### ABOUT THIS TASK
Only one stretch of the data should be retyped: the lines from the line containing "Pelúcia de girafa com texto hello BABY" through the line containing "Nomiyei Beige Graduated". Keep pictures out of it.

### RECORDS PROVIDED
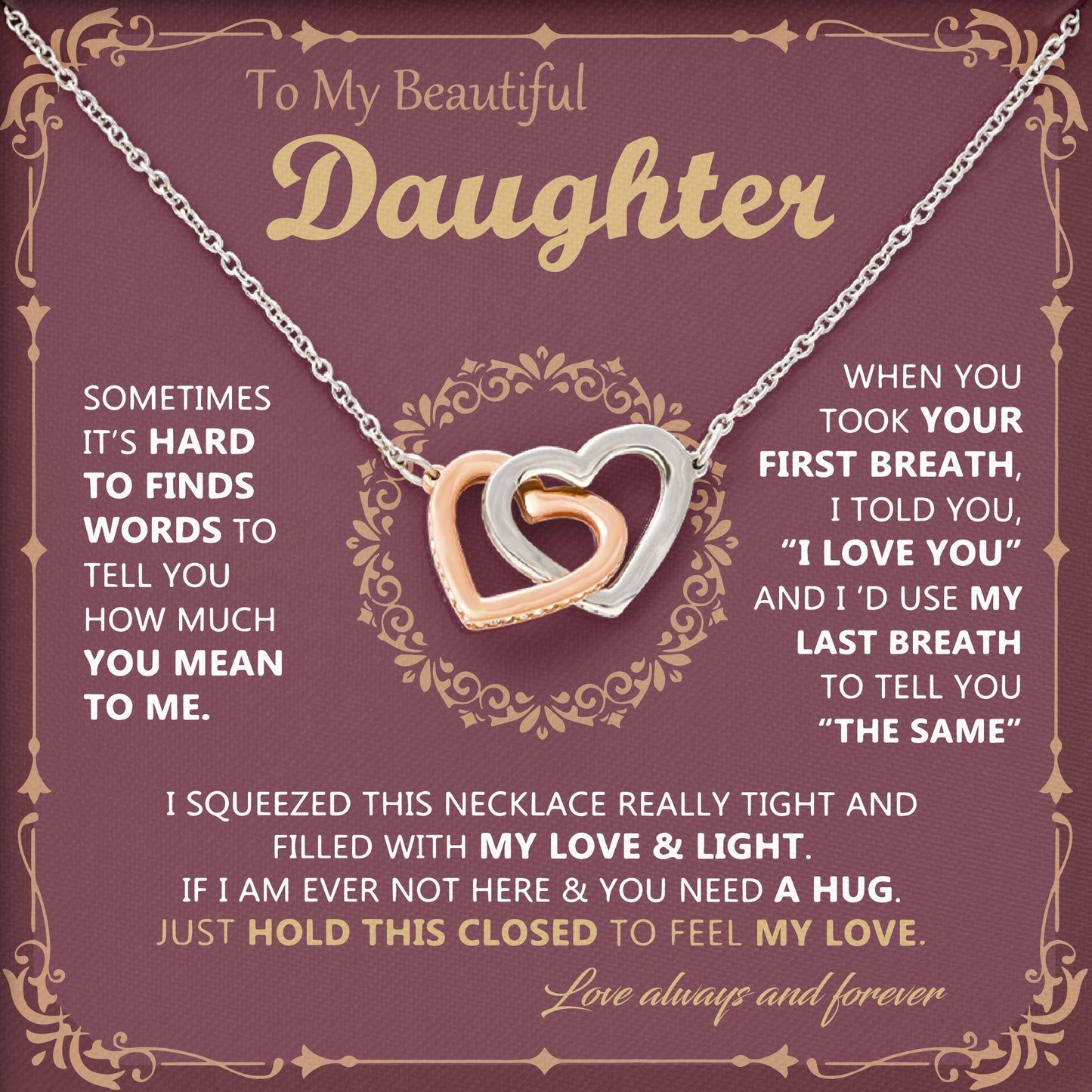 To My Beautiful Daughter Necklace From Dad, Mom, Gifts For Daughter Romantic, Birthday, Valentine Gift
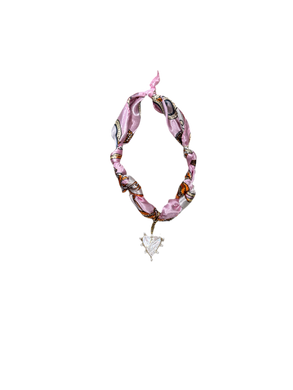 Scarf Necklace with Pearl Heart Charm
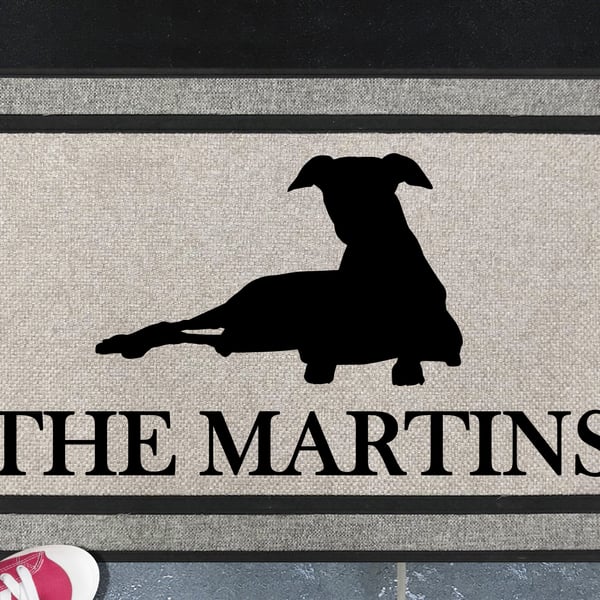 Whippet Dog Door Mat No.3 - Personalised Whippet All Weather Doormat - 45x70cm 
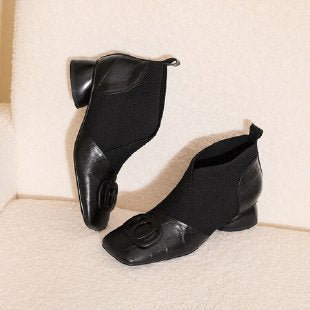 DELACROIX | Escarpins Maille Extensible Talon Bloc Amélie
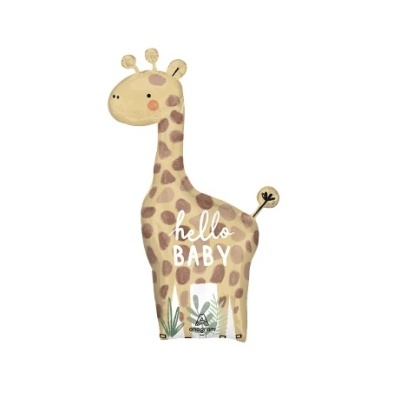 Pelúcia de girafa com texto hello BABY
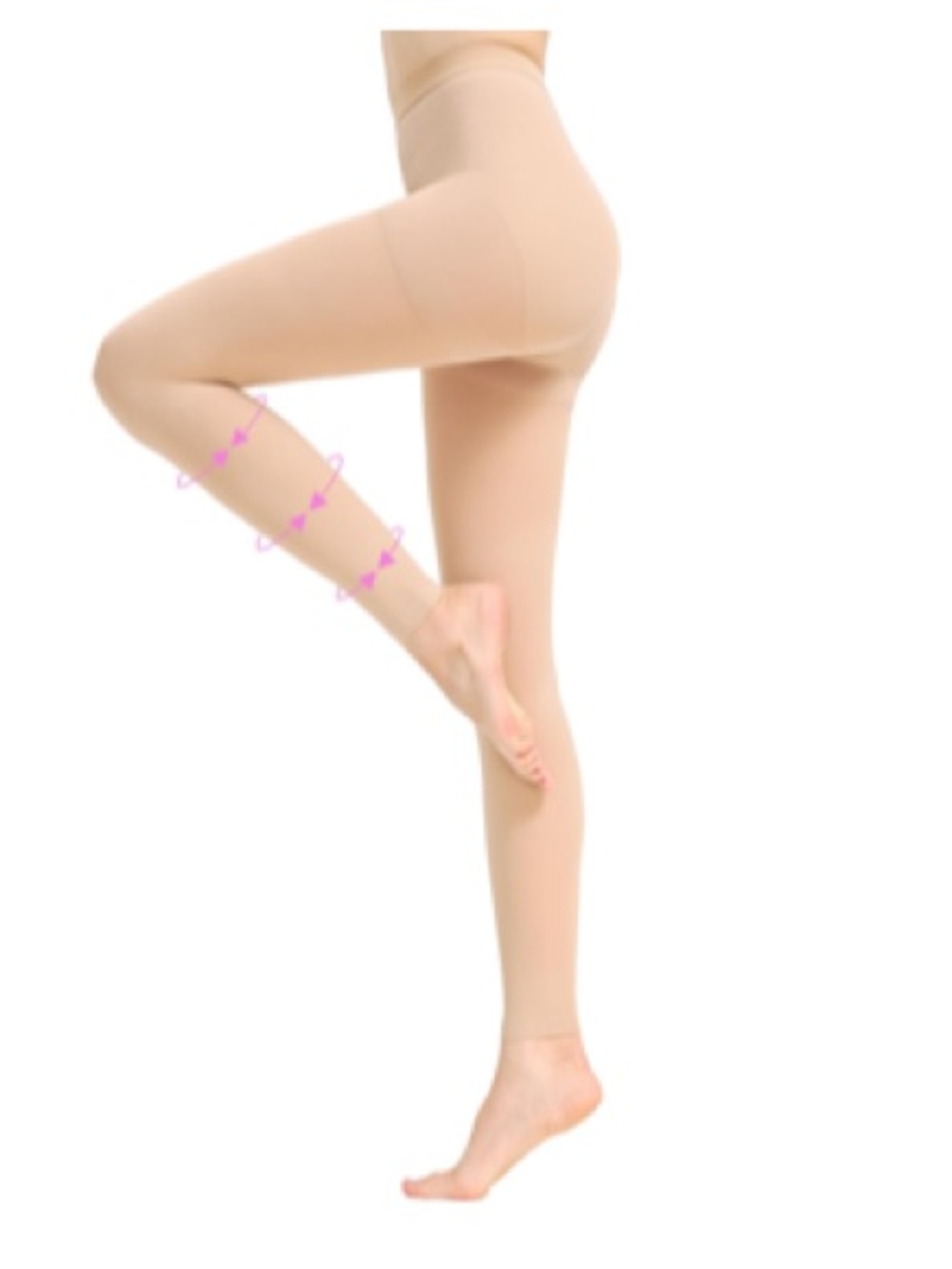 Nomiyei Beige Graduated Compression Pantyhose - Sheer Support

...

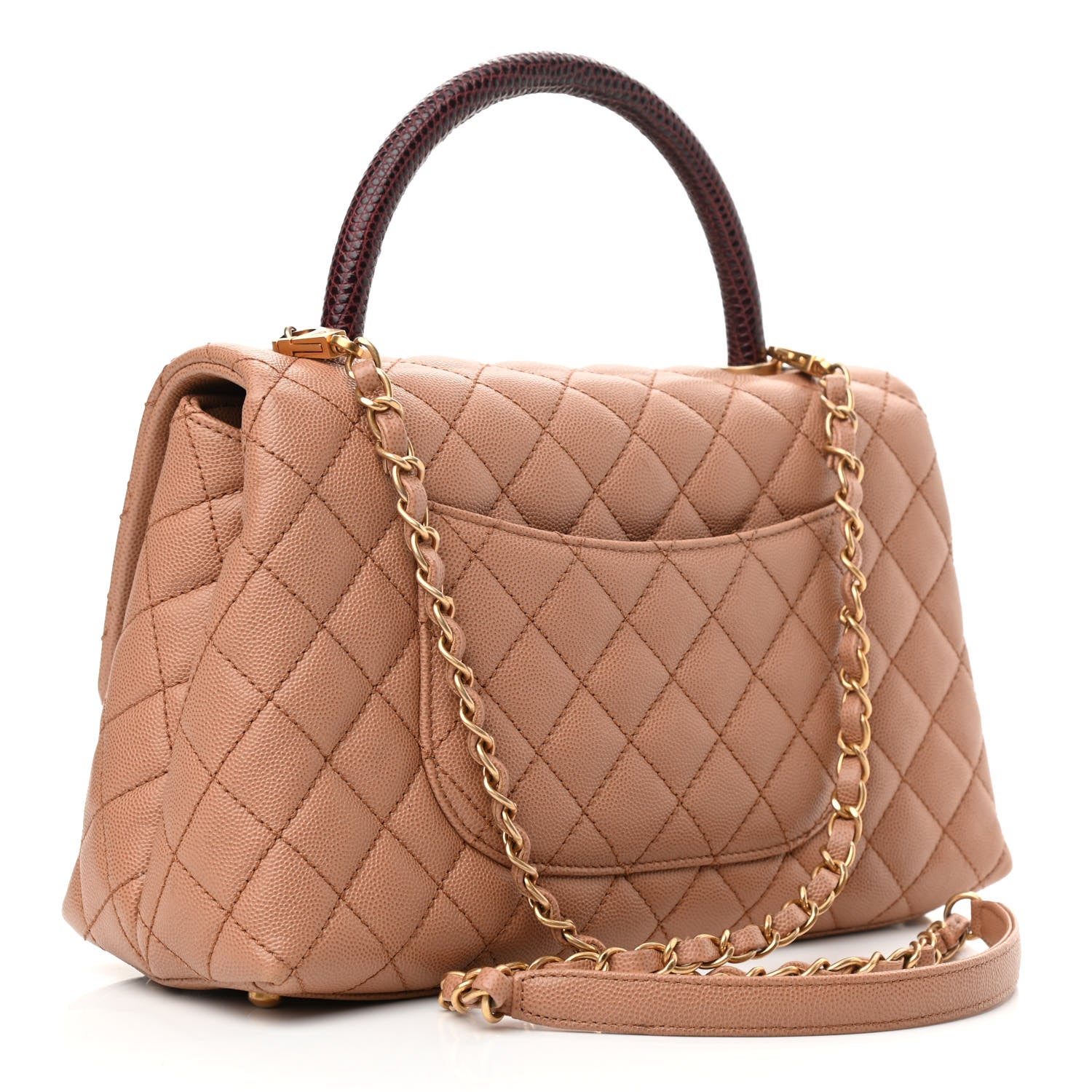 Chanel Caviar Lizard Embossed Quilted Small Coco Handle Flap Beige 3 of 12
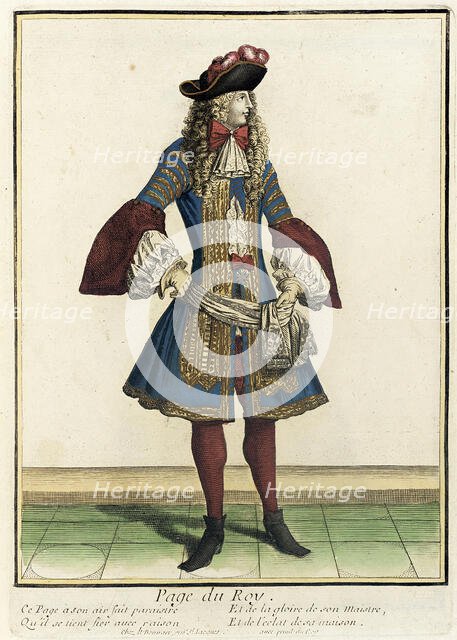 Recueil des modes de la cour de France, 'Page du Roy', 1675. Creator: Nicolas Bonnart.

--

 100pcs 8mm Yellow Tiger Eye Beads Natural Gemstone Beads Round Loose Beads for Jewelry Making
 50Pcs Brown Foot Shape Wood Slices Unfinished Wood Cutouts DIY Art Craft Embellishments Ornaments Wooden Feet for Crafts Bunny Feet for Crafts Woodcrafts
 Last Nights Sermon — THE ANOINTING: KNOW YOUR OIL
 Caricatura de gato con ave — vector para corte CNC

### THE ANSWER
 Pelúcia de girafa com texto hello BABY
 Nomiyei Beige Graduated Compression Pantyhose - Sheer Support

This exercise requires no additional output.